[DIRECTIONS FOR THIS TASK] The lines from the start of the records through the one containing "Item preview, I" are to be transcribed exactly, and nothing else.
━━ SUPPLIED INFORMATION ━━
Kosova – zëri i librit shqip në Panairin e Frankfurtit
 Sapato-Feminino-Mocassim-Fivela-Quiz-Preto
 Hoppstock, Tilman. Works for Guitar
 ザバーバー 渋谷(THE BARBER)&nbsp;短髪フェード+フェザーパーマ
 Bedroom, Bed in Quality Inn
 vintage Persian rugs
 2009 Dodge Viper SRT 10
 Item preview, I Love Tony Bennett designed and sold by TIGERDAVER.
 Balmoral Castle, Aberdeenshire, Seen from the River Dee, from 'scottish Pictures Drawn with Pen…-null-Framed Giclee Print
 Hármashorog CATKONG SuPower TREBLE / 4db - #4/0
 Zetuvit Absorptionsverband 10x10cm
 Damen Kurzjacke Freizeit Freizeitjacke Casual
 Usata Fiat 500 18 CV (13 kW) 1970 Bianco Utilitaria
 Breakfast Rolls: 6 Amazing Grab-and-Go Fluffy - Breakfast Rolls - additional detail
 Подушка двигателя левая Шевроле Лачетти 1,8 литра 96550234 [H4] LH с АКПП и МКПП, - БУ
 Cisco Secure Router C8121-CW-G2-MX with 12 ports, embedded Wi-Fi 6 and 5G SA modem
━━━
[SOLUTION FOR THIS EXERCISE]
Kosova – zëri i librit shqip në Panairin e Frankfurtit
 Sapato-Feminino-Mocassim-Fivela-Quiz-Preto
 Hoppstock, Tilman. Works for Guitar
 ザバーバー 渋谷(THE BARBER)&nbsp;短髪フェード+フェザーパーマ
 Bedroom, Bed in Quality Inn
 vintage Persian rugs
 2009 Dodge Viper SRT 10
 Item preview, I Love Tony Bennett designed and sold by TIGERDAVER.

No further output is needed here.